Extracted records
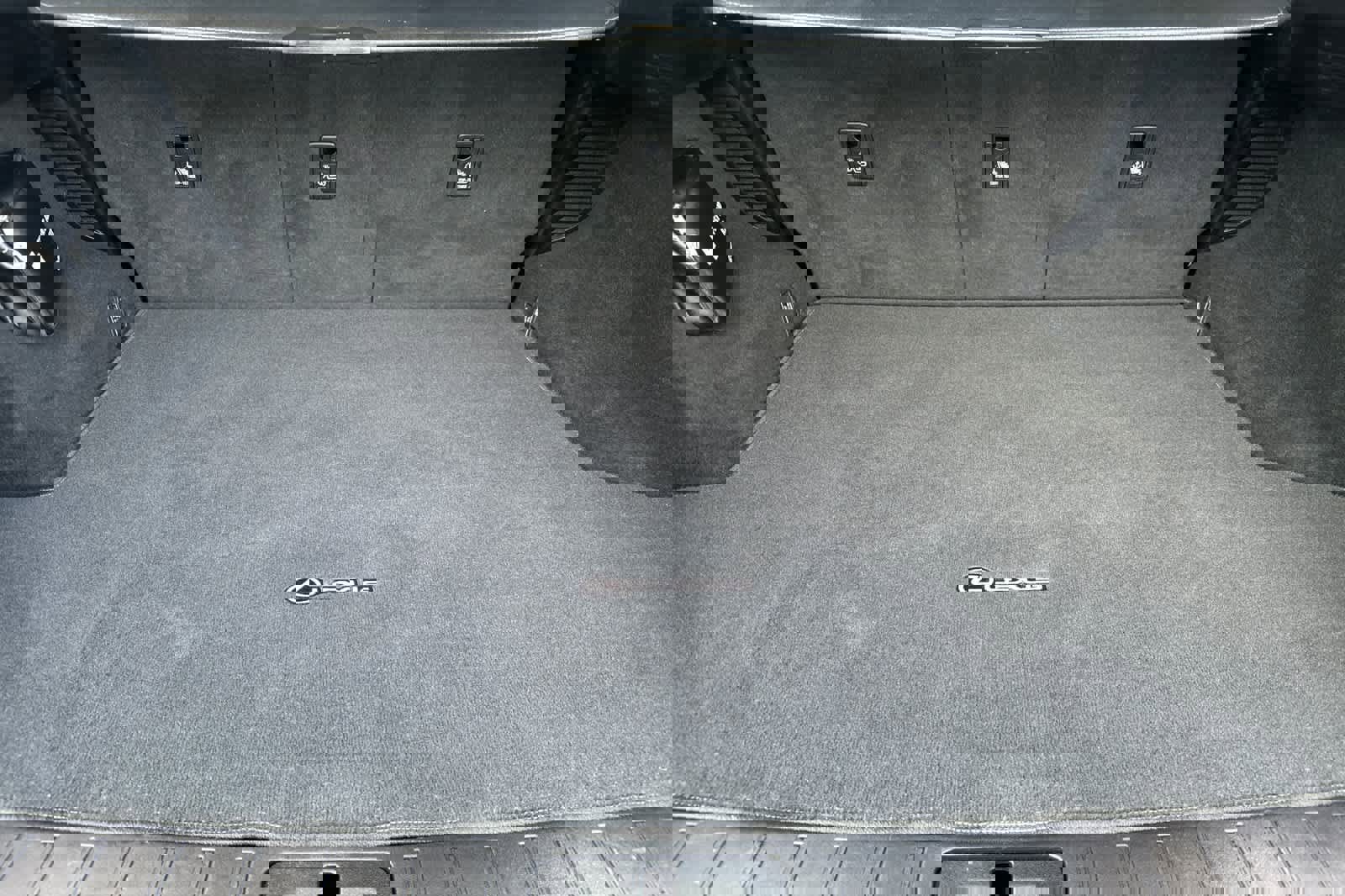 Used 2020 Lexus RX 450h AWD w/ Premium Package image 16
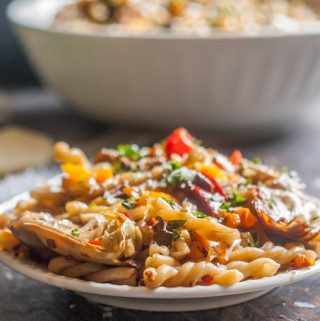 This artichoke & olives balsamic pasta is a quick an easy vegetarian meal with big taste! Only a few ingredients needed and you have a healthy, tasty pasta dinner.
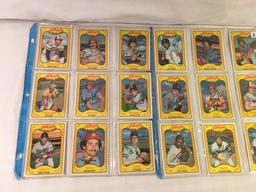 Lot of 18 Pcs Collector Vintage Sport MLB Baseball Sport Trading Assorted Cards & Players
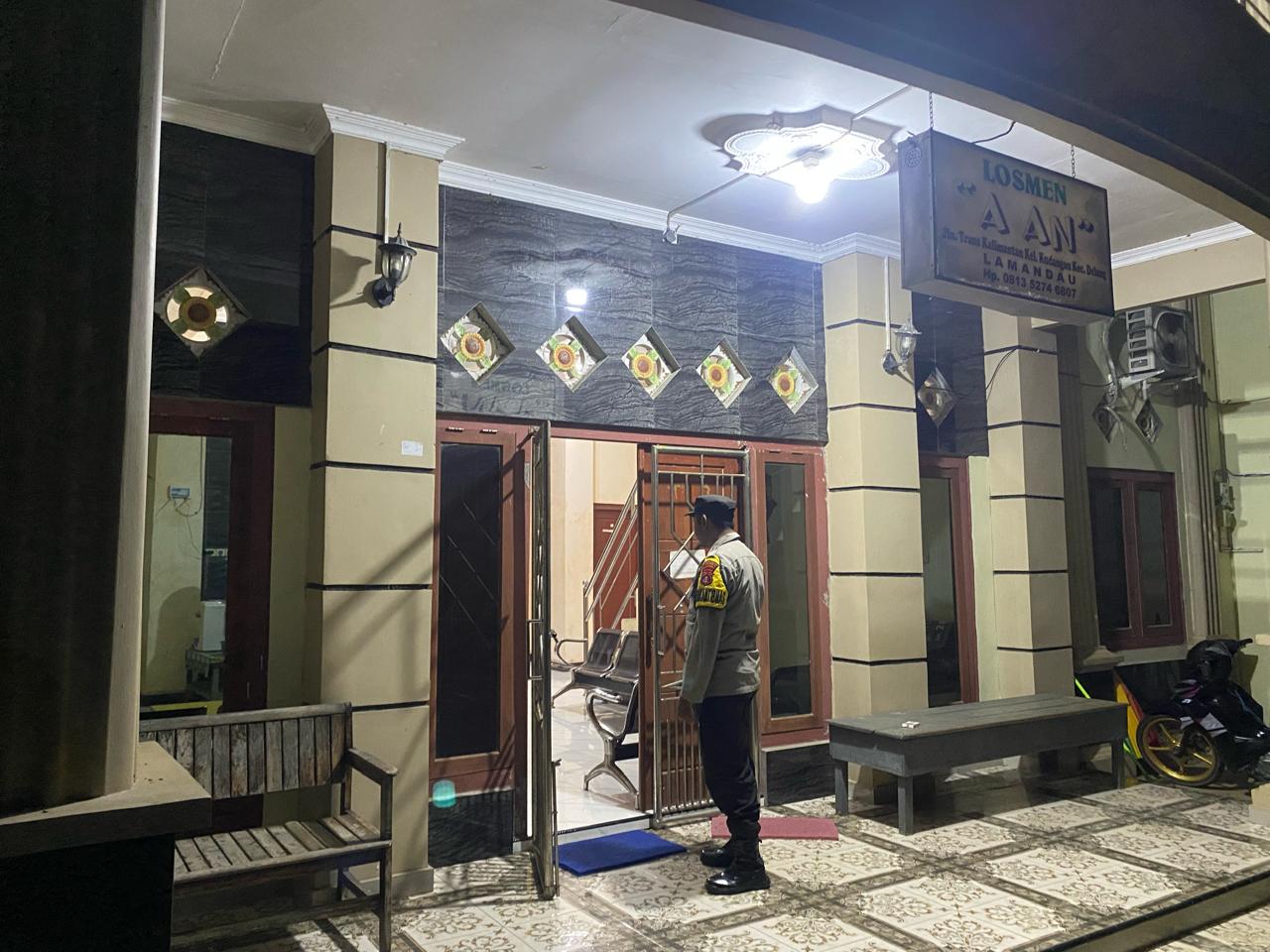 Piket Polsek Delang melaksanakan giat patroli Tempat Objek Vital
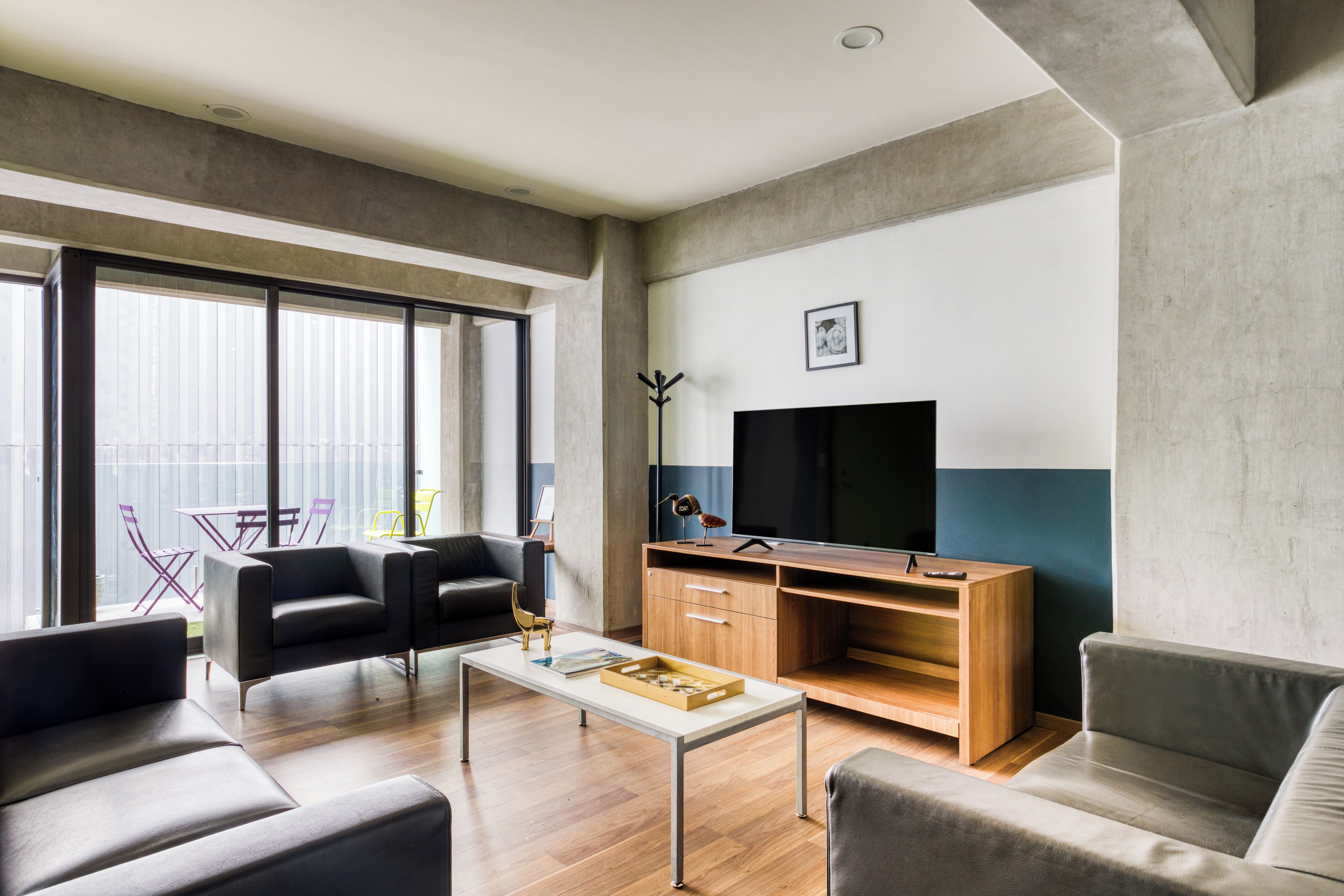 Comfort Room | Living area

● **Task**
Each entry above should be written out verbatim, minus its pictures.

● **Solution to this problem**
 Used 2020 Lexus RX 450h AWD w/ Premium Package image 16
 This artichoke & olives balsamic pasta is a quick an easy vegetarian meal with big taste! Only a few ingredients needed and you have a healthy, tasty pasta dinner.
 Lot of 18 Pcs Collector Vintage Sport MLB Baseball Sport Trading Assorted Cards & Players
 Piket Polsek Delang melaksanakan giat patroli Tempat Objek Vital
 Comfort Room | Living area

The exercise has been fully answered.